Bu da garip bir cümle. Dağcılar genellikle yanlarına uyku tulumu, çadır ve yiyecek alır. Bu Ağrı dağı için özel bir durum değil. Bunu bir kenara bırakın, tırmanıcının kondüsyonu yerindeyse yanına hiçbirşey almamayı da tercih edebilir. Ağrı dağının son etabında dağcı yanındaki malzemenin büyük bir kısmını son kampta bırakıp zirve tırmanışını daha hızlı yapmayı tercih edecektir. Bu ve önceki cümle, öyle bir kamuoyu oluşturmuş vaziyette ki, haberi okuyan herhalde şöyle düşünecektir: “Adam kabak gibi ortada olan rotayı kaybetmiş. Zaten yanına ne uyku tulumu, ne yiyecek ne de çadır almış! E ona da böylesi müstahak!”

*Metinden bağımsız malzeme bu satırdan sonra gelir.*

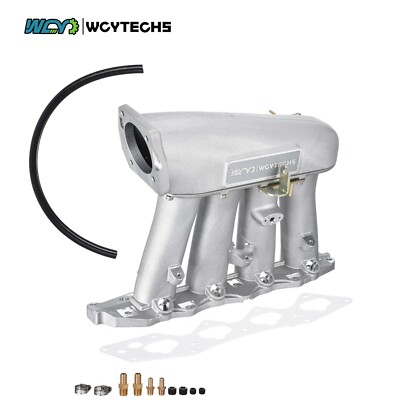 Ultra Street Intake Manifold For Honda Acura LS Non-VTEC B18 B18A B18B ...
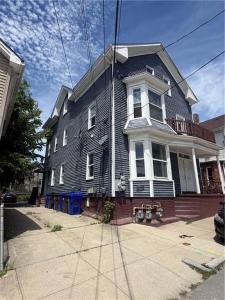 10 La Vaughn Street, Providence, Rhode Island 02909, USA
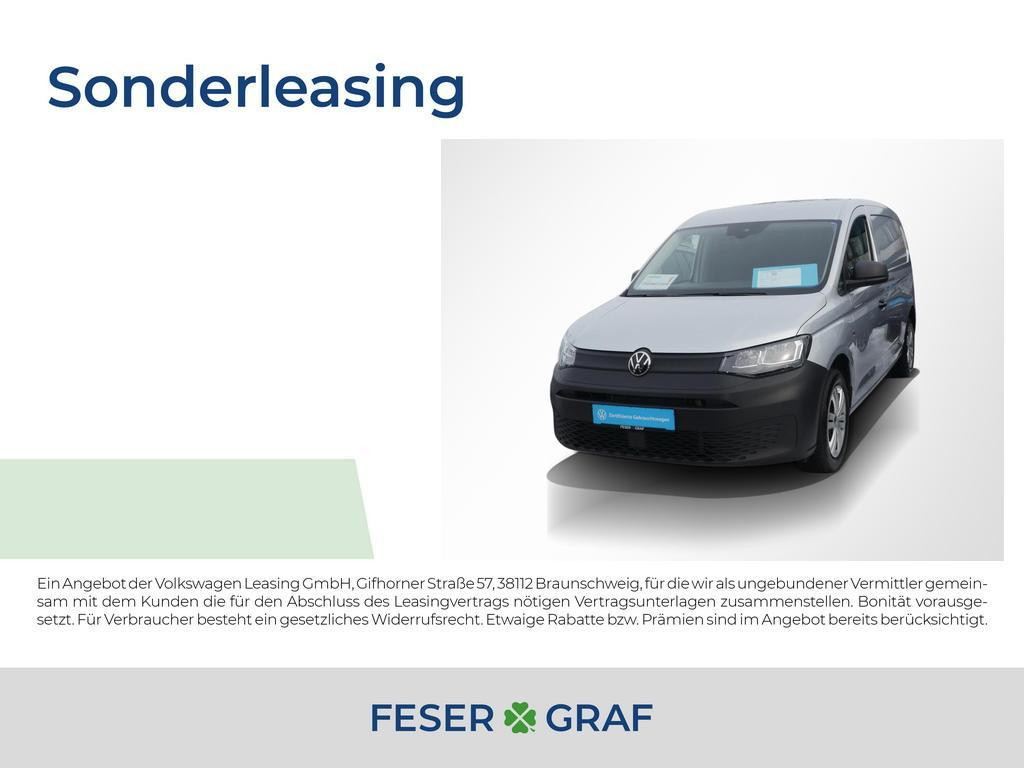 Volkswagen Caddy 2025 Diesel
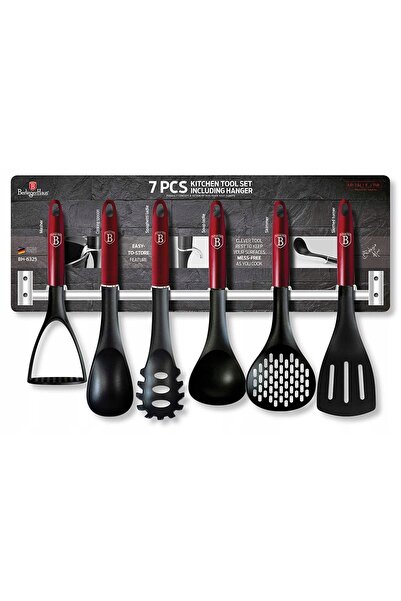 Berlinger Haus SET USTENSILE DE BUCĂTĂRIE BH-6325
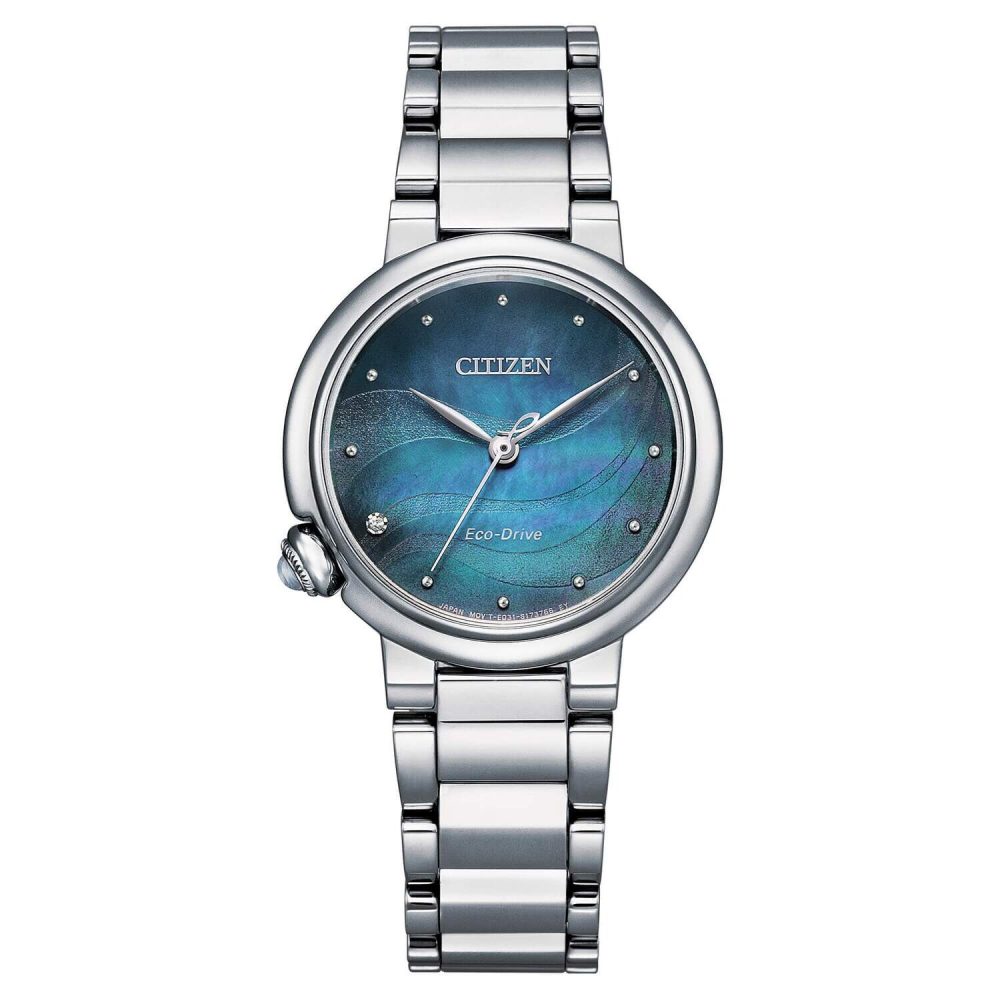 Reloj Citizen L Collection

3- “Bu mevsim dağda hava elbette soğuktur.”
Bir önceki kamuoyundan devam edersek: “Adam bu mevsimde hava koşullarını bile bilmiyor! İstanbul bile buz gibi, adam Ağrı dağının tepesinde… içim ürperdi.” Ayrıca şunu unutmayalım bir dağcılık platformunda okuduğum kadarıyla hava durumu helikopterin havalanması için de uygun değilmiş.

4- “Bir iki defa dağa çıkmakla dağcı olunmuyor.”
İşte bu çok kilit bir cümle. Yuvarlak bir cümle. Sn başkan burada Emre Varol özelinde konuşmuyor gibi gözüküyor ancak bir sonraki cümle gerçek niyeti gösterecek. TDF başkanı Emre Varol’un dağcılık geçmişi hakkında söz sahibi, onu değerlendirebilecek bir insan olarak kendini konumlandırıyor. Peki kaç dağa çıkmakla dağcı olunuyor? Dağcılığın böyle bir ölçütü mü var? Velev ki dağda kaybolan kişi bir çoban. O zaman n’olacak? Kaybolunur mu, kaybolunur!

5-“Bilgisayar mühendisi olan bir gencin tek başına bu mevsimde ilk kez gittiği Ağrı’ya solo tırmanış yapmasını anlamak mümkün değil.”
Bu cümledeki mantık hataları benim tampon belleğimi aşıyor! Bilgisayar mühendisi bir gencin kış dağcılığı yapmasını anlamak niçin mümkün değil? Birisi ya dağcı ya da bilgisayar mühendisi mi olur? Dağlara solo gitmek için sosyal bilimler ya da spor akademisi mezunu mu olmak gerekmektedir. Bu durumda dağcılık federasyonu eğitimlerine ya da faaliyetlerine herhalde bilgisayar mühendislerini ancak yazın dağa gidecekleri şartıyla almaktadır. Ağrı dağına solo tırmanmak elbette kolay değildir, hatta Uludağ’a da ya da başka herhangi bir dağınki. Ancak bunu değerlendirebilecek olan yine bireyin kendisi olmalıdır. Eğer olayın detayları hakkında tam bilgi sahibi olmazsak kalkıp böyle ad hominem ithamlarda bulunur, sonra rezil oluruz.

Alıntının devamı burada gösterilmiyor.